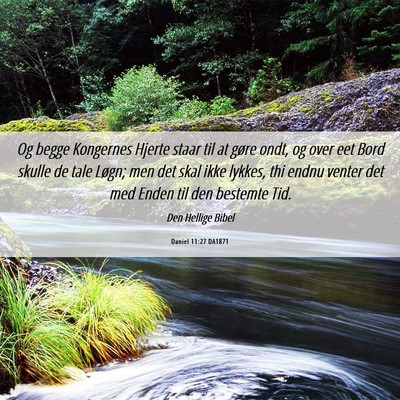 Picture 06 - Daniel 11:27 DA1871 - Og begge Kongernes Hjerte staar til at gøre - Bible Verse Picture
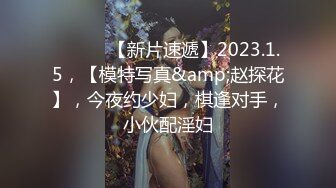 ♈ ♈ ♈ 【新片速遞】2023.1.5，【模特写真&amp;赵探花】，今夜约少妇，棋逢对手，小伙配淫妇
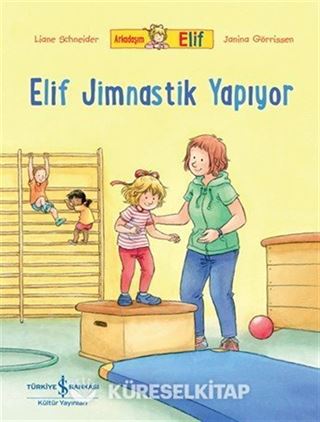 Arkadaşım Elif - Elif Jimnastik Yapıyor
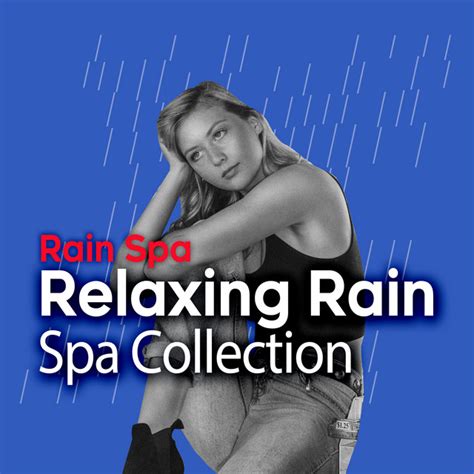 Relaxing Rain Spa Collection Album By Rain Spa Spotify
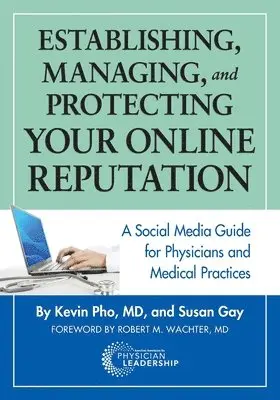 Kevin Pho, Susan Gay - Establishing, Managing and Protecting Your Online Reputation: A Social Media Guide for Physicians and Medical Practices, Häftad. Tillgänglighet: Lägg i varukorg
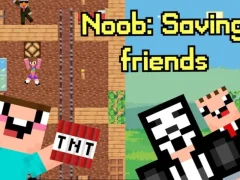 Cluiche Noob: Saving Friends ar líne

**WORK TO COMPLETE:**
Without the pictures, transcribe exactly the lines above from the one containing "Arkadaşım Elif - Elif Jimnastik Yapıyor" through the last.

**EXERCISE RESPONSE:**
 Arkadaşım Elif - Elif Jimnastik Yapıyor
 Relaxing Rain Spa Collection Album By Rain Spa Spotify
 Kevin Pho, Susan Gay - Establishing, Managing and Protecting Your Online Reputation: A Social Media Guide for Physicians and Medical Practices, Häftad. Tillgänglighet: Lägg i varukorg
 Cluiche Noob: Saving Friends ar líne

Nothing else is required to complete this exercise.